Daniel J. Caron joined the federal public service in 1982. In 2009 he was appointed Librarian and Archivist of Canada and one year later launched the modernisation initiative in order to ensure the institution would be able to embrace the multiple challenges of the digital environment. This initiative is a call for collaboration, epistemologically grounded institutional policies, and policy driven decisions. In addition to his organizational experience, Dr. Caron is a seasoned author and speaker on public administration and issues related to information and memory both in Canada and abroad. Dr. Caron has also taught at several Canadian universities. He holds a bachelor’s and a master’s degree in economics from the Université Laval, and went on to obtain a doctorate in applied human sciences from the Université de Montréal.
Jim Diorio

Jim Diorio is the Vice President and Chief Idea Officer at Manifest Communications. He has been helping people sell things and change things for over 25 years. His favourite writers are his daughter and Walker Percy, though not always in that order. A writer, Jim has steered the work at Manifest, Canada’s leading social change agency, since 2002. As a creative he’s worked on everything from expensive cars to cheap lipstick, and has spent the last ten years helping good causes get the attention they deserve.
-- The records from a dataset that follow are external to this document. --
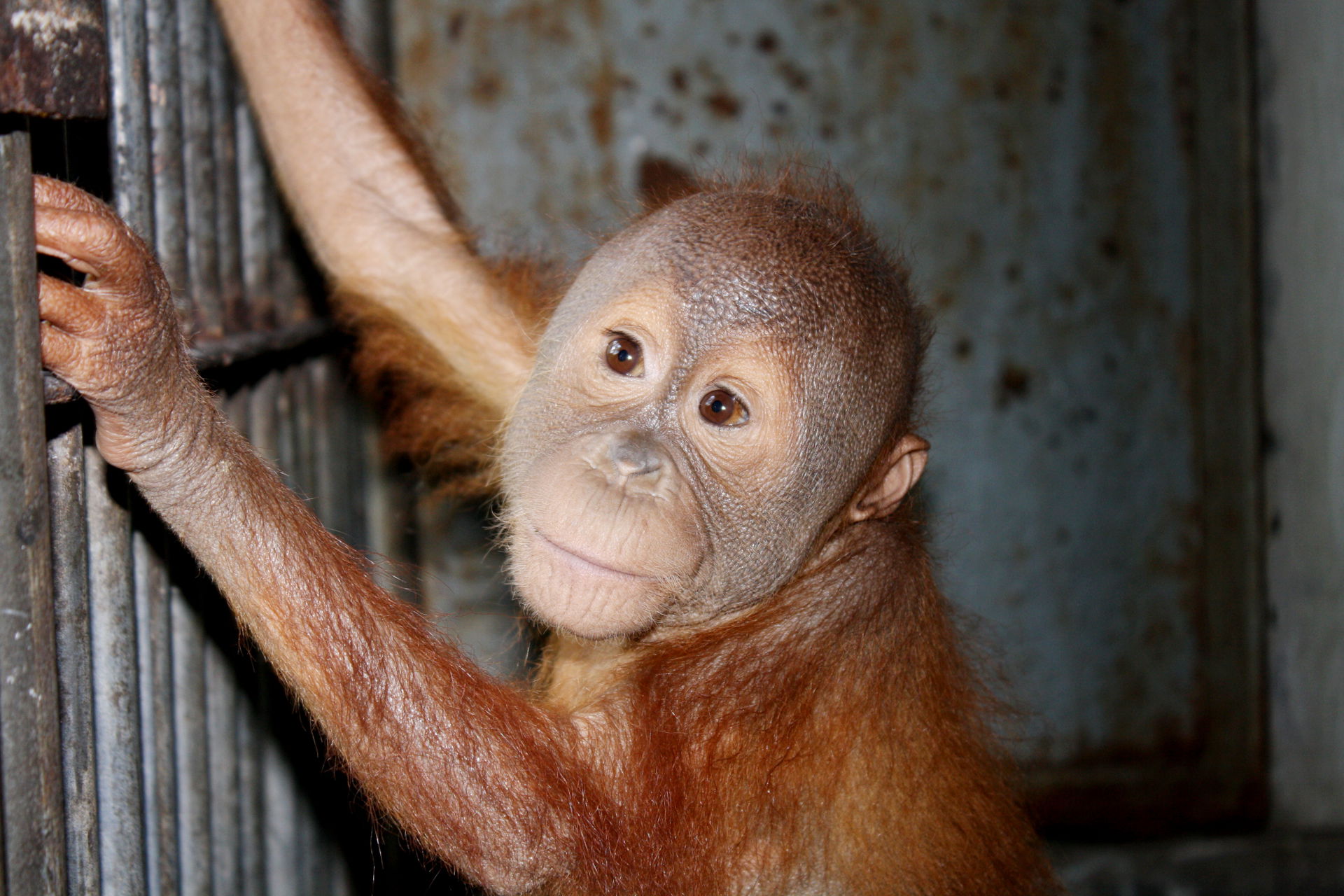 Sumatra-Orang-Utan Wenda 2009 bei der Ankunft in der Auffangstation des SOCP.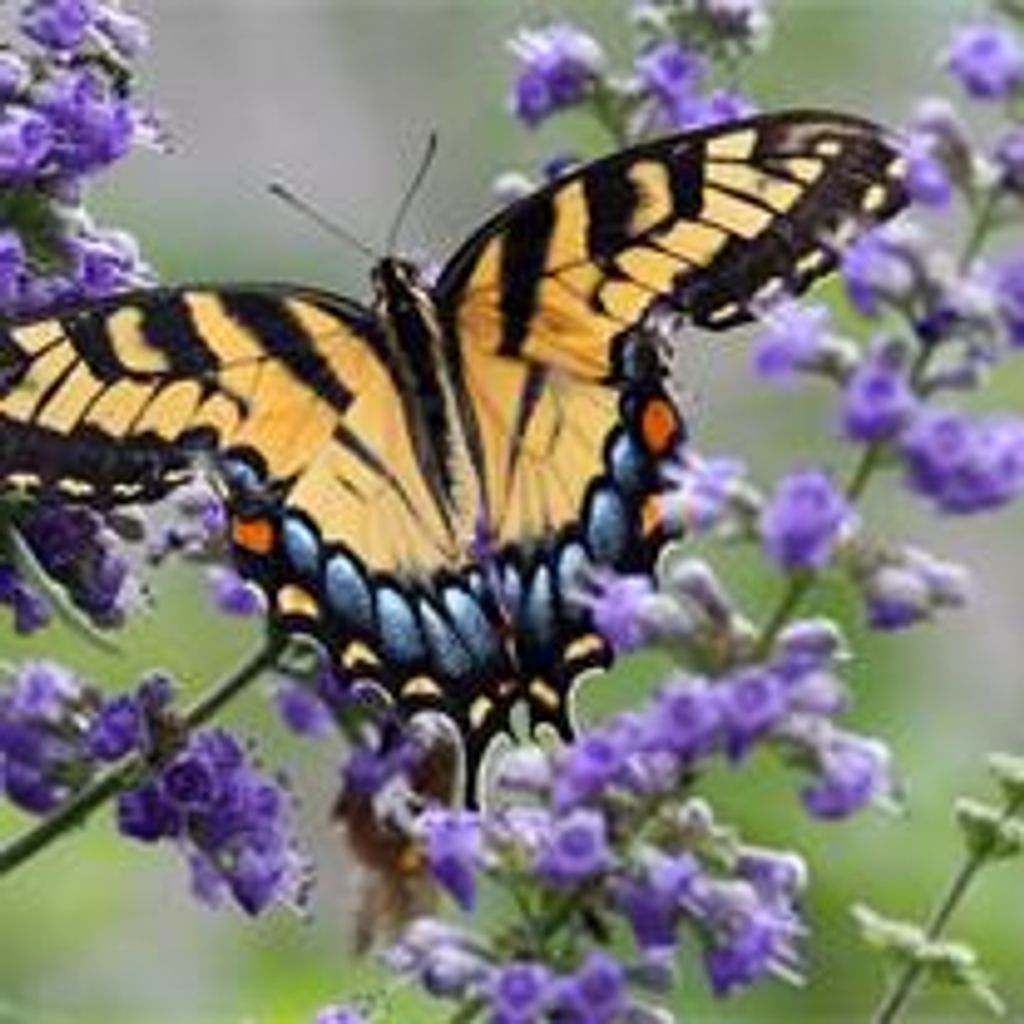 Mary Braaten Profile Photo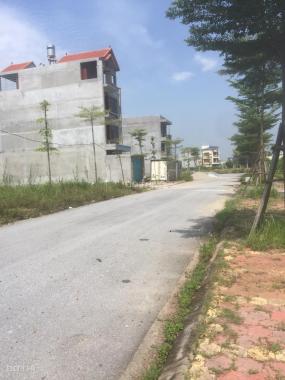 Bán gấp 5 lô đất tại KĐT V-Green City Phố Nối Hưng Yên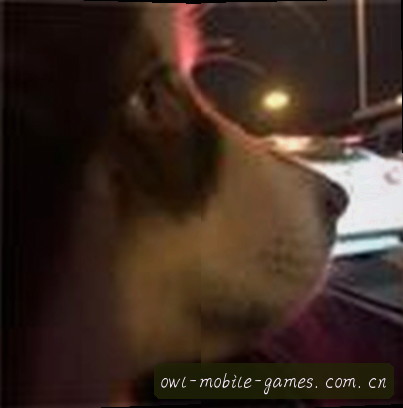 吴涛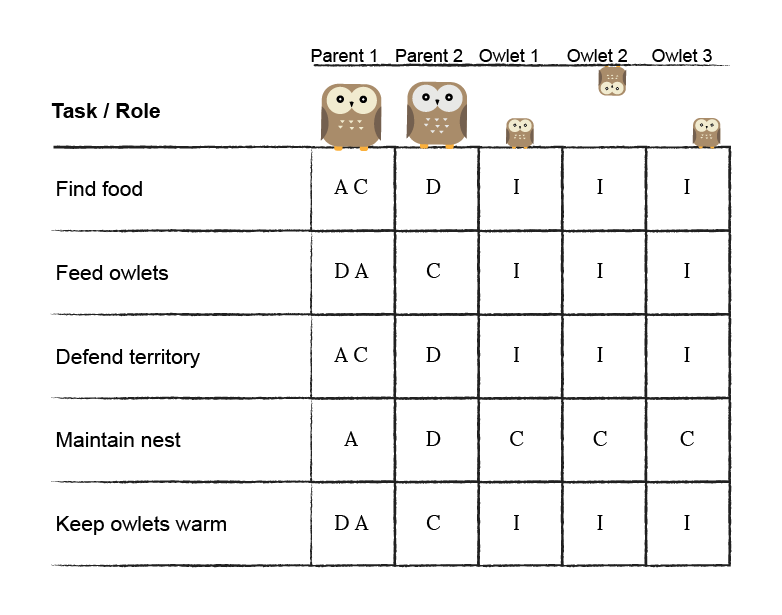 Decision DACI matrix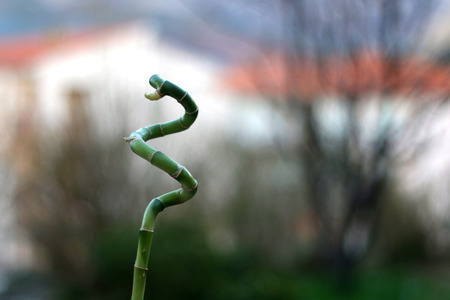 Lucky Bamboo plant in front of a window. Selective focus.の写真素材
Finally, as he believes that people at a reading summit would probably prefer to be reading something other than a speaker’s bio, he will end it right here.
Maureen Dockendorf

Maureen is currently Assistant Superintendent in the Coquitlam School District and seconded to the Ministry of Education to help support transformational change within BC education system. She is a conference speaker, workshop leader and staff development planner and facilitator. Maureen also worked as an independent staff development consultant with teachers and administrators throughout North America. Maureen has authored and contributed to a wide range of educational publications including Language Arts series, BC Ministry of Education documents such as the English Language Arts IRP, and curriculum and assessment documents such as The Primary Program; The Intermediate Program; and the Reading, Writing and Social Responsibility BC Performance Standards. Maureen is frequently called upon to provide advice on policy, process and practice in the realms of Staff Development, Collaborative Practice, Educational Leadership, and Curriculum Implementation and Evaluation. Maureen has an unwavering commitment to public education and to success for all students.
Duncan Holmes
Duncan Holmes is President of ICA Associates Inc. As a consultant, he focuses on strategic planning, leadership development within organizations and communities and community consultation. He has trained group leaders in facilitation skills, strategic planning and team leadership in ten nations. He has placed an emphasis on technologies of participation and motivation. He has administered non-profit organizations in Canada and India.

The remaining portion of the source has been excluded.